The #1 Financial Planning Strategy For Couples

Industry Insight

 
 

The most important financial planning item for couples has nothing to do with stock markets, getting out of debt, or even selecting a good adviser...it’s making sure you both have a basic understanding of your financial picture. So get together, get organized, and start talking it through now.

If a financial adviser has a closer relationship with one member of a couple than the other, could this become a problem in the event of a death? If one spouse handles most or all of the household finances, and the other has no clue, what will happen if the “bookkeeper” dies or becomes disabled?

Talk about this together now, and have a transition plan in case of tragedy—when life will be plenty upside-down without the added problem of financial disarray.

A couple we’ll call Mr. and Mrs. N sought help from their adviser with the proceeds from the sale of real estate which Mr. N had inherited from his father. His dad had purchased the land many years prior, so capital gains tax was going to be considerable. They talked with the adviser about strategies to stretch the tax hit over a couple of years, and how to conservatively invest the money so that it would be available to pay the tax bill the following year.

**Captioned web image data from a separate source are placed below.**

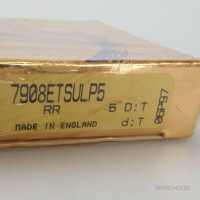 RHP Kugellager Präzisionskugellager 7908ETSULP5 OVP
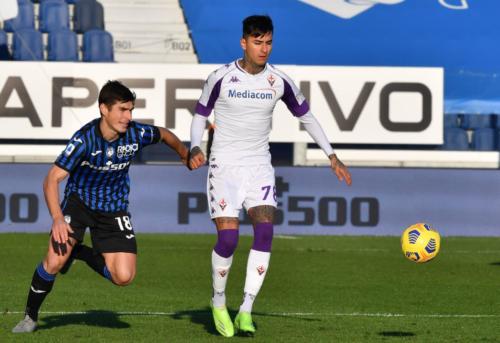 ATALANTA-FIORENTINA 13-12-2020 ERICK PULGAR. SILPRESS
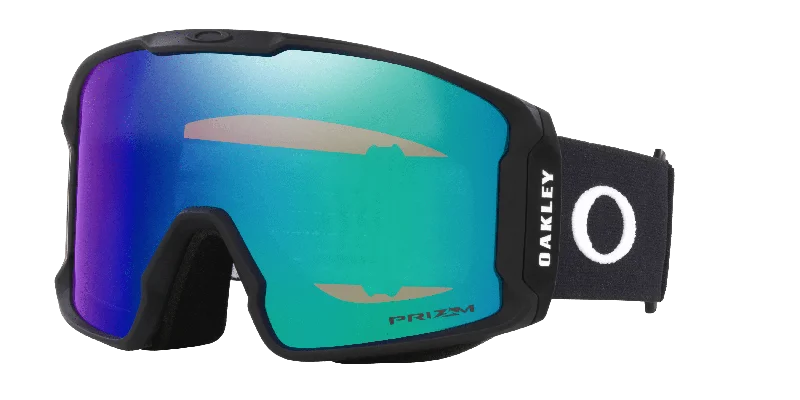 OAKLEY LINE MINER L MATTE BLACK | PRIZM ARGON IRIDIUM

Near the end of the meeting the adviser asked Mr. N if he had any questions—and then turned to Mrs. N and asked the same thing. She responded, “I just hope I die first.”

Mrs. N didn’t feel she understood everything well enough…Mr. N handled most of the finances, and she just felt lost.

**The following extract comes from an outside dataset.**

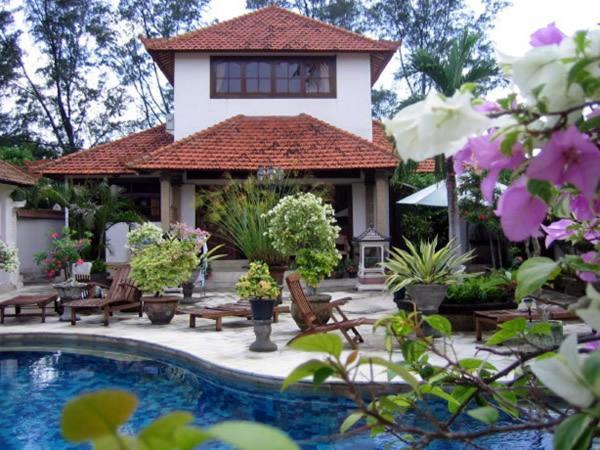 Ombak Putih Bungalows 호텔 누사두아 외부 사진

From that point on, the adviser took extra time each meeting so Mrs. N could catch up and keep up…so she didn’t have to feel exposed.

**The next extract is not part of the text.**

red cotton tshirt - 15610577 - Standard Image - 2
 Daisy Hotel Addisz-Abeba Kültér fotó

If your adviser isn’t already taking similar steps, take it upon yourself to get everyone on the same page. 

This is about both you and your partner knowing your resources and team members: accountant, attorneys, investment adviser, financial adviser, insurance agents. Meet together with each member of the team if you haven’t already. Make sure you and your partner have a basic working knowledge of what you own, and how it’s protected. Understand the plan for managing assets to meet basic needs…and how those needs might change in the event of death or incapacity.

And get organized. Albert Einstein said, “If a cluttered desk is a sign of a cluttered mind…then what about an empty desk?” (Another Einstein quote: “I never said half the things I’m quoted as saying.”)

If you’re the Einstein who takes care of the finances for your household, and your desk is very cluttered (you know who you are)—what if something happens to you? Will the first question your survivors ask be, “Where is everything?”

Create a “survivors guide” using a three-ring pocket binder. The centerpiece is essentially a table of contents for your financial life—personal data, contact information for insurance agents, investment advisers, attorney, accountant, where your assets are located, where the car and home titles are kept, safe deposit box location, bank information (not account numbers and Social Security numbers because you don’t want those laying around the house—but the secure location where these can be found).  

You may also want to include copies of wills and trusts, insurance policies, health care directive, powers of attorney, and real estate deeds. Some even choose to include a self-written obituary and eulogy…yes you can truly get the last word!

Now it doesn’t take an Einstein to come up with list of items you need to organize, and a place to put all of it…but in addition to helping those you leave behind, it can also benefit you if you’re not already as organized as you’d like to be.

This is not something you complete overnight, it’s a project you work on over time. But once it’s in place, you can sleep better knowing your survivors can find everything. And maybe it will be the surviving spouse who benefit first…if that were to be you, do you already know where everything is? If you helped pull all this information together for your “survivors guide”, you’d know. And when you do find yourself suddenly on your own, it becomes yours, and you can update it for your own survivors’ benefit someday.

When you show your siblings or adult kids where you keep your survivors guide, and what’s in it—they may realize you did this for their benefit, and they may think about organizing their own financial lives too.

We do this to help the ones we leave behind pick up the pieces, to make those pieces easier to find, easier to pick up, at a time when the last thing survivors want is to have to dig through Einstein’s desk.